More recently, during the large outbreak of Ebola in West Africa, mathematical modelers estimated key parameters for outbreak control such as the impact of case isolation, contact tracing with quarantine, and sanitary funeral practices on the numbers of new infections [7, 8]. When a vaccine against Ebola became available, mathematical modeling helped researchers and outbreak responders to design ring vaccination trials that could lead to successful testing of the vaccine despite a decreasing exposure risk during the declining epidemic phase [9, 10]. This experience has led the WHO to publish a guidance document on the design of vaccine efficacy trials during public health emergencies [6]. Models are used to generate projections of population health given demographic changes, distributions, and trends of risk factors in a population and possible effects of intervention programs especially in the area of chronic diseases [11–14].

Mathematical models can be a useful tool in this approach which helps us to optimize the use of finite sources or simply to the goal (the incidence of infection) control measures more impressively. A hepatitis B mathematical model was used to develop a strategy for eliminating HBV in New Zealand [2]. Van Den Driessche and Watmough [15] proposed an age-structure model to predict the dynamics of HBV transmission and evaluate the long-term effectiveness of the vaccination programme in China. Zhao et al. [16] developed a model to explore the impact of vaccination and other controlling measures of HBV infection. Owolabi (2020) proposed “mathematical modeling of viral kinetics under immune control during primary HIV-1 infection” and showed that extending the target-cell-limited model, by implementing a saturation term for HIV-infected cell loss dependent upon infected cell levels, is able to reproduce the diverse observed viral kinetic patterns without the assumption of a delayed immune response.

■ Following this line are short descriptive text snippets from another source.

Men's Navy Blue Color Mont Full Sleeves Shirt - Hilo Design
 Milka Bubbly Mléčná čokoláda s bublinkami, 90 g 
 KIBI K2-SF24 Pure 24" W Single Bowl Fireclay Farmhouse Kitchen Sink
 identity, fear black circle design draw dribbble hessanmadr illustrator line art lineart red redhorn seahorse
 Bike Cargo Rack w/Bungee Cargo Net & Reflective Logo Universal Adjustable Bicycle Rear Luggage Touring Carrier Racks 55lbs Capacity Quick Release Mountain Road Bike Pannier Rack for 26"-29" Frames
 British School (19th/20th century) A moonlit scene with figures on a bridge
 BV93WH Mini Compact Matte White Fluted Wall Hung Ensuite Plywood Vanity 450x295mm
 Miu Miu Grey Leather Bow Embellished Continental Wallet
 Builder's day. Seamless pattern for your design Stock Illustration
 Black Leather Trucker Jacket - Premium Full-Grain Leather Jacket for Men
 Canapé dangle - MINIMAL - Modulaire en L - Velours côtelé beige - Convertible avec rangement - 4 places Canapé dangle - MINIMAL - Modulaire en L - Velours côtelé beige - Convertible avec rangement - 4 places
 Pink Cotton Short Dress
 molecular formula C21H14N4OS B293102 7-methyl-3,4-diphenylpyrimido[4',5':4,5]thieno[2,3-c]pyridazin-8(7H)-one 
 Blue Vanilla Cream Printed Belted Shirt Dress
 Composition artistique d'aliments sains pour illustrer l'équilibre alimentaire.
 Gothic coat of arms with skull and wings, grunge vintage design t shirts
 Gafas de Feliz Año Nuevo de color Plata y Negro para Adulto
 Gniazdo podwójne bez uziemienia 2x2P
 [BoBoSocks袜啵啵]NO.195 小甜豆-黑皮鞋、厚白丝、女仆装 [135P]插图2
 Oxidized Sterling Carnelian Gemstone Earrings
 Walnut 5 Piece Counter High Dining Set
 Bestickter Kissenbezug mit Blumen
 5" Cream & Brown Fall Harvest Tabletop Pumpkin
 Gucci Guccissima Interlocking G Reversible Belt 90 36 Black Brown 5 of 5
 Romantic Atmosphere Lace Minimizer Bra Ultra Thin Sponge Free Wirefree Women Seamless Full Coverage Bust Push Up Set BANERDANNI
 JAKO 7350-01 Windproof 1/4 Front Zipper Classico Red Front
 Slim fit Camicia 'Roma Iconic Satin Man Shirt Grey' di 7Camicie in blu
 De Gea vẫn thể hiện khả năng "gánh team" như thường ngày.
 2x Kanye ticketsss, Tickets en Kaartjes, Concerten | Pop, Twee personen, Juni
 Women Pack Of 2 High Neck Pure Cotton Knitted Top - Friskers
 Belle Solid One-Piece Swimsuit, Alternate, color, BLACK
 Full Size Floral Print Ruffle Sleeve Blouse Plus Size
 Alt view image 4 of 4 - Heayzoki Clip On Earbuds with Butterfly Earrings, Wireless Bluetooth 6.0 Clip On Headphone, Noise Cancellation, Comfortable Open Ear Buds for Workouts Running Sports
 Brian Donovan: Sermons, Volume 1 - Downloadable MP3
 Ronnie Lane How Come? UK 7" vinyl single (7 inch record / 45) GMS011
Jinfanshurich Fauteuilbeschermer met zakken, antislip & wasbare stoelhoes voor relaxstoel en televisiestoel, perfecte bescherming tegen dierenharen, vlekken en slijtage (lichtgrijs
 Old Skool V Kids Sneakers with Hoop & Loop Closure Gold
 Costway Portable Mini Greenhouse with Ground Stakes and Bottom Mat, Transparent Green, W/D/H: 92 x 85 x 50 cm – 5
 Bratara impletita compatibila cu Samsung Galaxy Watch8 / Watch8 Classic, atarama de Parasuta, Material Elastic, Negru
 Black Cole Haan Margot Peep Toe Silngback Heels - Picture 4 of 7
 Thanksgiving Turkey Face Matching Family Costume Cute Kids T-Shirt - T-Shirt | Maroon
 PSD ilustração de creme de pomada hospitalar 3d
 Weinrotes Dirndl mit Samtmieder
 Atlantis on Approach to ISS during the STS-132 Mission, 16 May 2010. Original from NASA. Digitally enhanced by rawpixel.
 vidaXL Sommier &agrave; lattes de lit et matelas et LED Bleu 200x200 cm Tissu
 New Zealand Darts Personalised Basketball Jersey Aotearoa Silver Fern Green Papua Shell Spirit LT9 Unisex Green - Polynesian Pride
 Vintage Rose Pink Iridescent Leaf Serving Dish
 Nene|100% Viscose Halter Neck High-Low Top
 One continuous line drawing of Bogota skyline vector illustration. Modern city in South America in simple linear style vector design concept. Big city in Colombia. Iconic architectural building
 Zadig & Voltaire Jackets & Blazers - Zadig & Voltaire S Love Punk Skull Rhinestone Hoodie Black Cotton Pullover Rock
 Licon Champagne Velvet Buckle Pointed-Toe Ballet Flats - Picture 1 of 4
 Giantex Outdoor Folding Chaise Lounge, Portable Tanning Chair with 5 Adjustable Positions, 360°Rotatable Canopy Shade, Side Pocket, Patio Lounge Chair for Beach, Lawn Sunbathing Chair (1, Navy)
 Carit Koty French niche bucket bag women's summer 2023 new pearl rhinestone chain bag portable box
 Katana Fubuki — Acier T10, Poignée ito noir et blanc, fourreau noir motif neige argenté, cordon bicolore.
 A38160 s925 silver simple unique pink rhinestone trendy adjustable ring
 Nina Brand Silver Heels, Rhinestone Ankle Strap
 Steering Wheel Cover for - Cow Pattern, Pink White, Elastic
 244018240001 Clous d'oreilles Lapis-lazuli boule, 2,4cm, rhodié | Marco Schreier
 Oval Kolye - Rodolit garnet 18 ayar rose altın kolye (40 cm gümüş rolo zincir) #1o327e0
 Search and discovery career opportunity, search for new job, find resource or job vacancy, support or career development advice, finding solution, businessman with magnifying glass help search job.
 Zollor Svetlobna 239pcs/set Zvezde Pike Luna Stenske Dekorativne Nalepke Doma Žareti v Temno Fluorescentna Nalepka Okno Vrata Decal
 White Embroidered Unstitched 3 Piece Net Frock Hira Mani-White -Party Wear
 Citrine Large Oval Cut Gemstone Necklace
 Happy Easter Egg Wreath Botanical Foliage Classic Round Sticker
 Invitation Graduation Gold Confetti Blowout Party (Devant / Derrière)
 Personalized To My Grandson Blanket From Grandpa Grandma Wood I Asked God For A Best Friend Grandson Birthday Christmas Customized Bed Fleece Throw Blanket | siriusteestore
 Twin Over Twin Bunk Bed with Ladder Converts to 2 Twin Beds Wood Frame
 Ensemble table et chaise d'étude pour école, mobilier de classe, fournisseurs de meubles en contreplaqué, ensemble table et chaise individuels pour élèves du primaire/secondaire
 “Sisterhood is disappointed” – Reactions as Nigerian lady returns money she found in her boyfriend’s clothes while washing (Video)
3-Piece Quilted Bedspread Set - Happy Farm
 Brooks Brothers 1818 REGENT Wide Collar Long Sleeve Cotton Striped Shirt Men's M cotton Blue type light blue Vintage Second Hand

Their results suggest that the immune response may have a significant effect on the control of the virus during primary infection and may support experimental observations that an anti-HIV immune response is already functional during peak viremia [17].

Farman et al. (2020) proposed “numerical treatment of a nonlinear dynamical hepatitis-B model: an evolutionary approach” and implemented evolutionary computational technique and Padé approximation (EPA) for the treatment of nonlinear hepatitis-B model. They concluded that evolutionary computational technique and Padé approximation (EPA) help to reduce contamination levels rapidly without the need to supply step size [18].

Naik et al. (2021) proposed “modeling the transmission dynamics of COVID-19 pandemic in Caputo type fractional derivative” to study the transmission of COVID-19. They attempted to study the pattern and the trend of spread of this disease and prescribe a mathematical model which governs the COVID-19 pandemic using the Caputo type derivative. They obtained results showing that the applied numerical technique is computationally strong for modeling the COVID-19 pandemic [19].

Naik et al. (2020) proposed “chaotic dynamics of a fractional-order HIV-1 model involving AIDS-related cancer cells” which involves the interactions between cancer cells, healthy CD4+T lymphocytes, and virus-infected CD4+T lymphocytes leading to chaotic behavior. The results of their work show that the order of the fractional derivative has a significant effect on the dynamic process [20].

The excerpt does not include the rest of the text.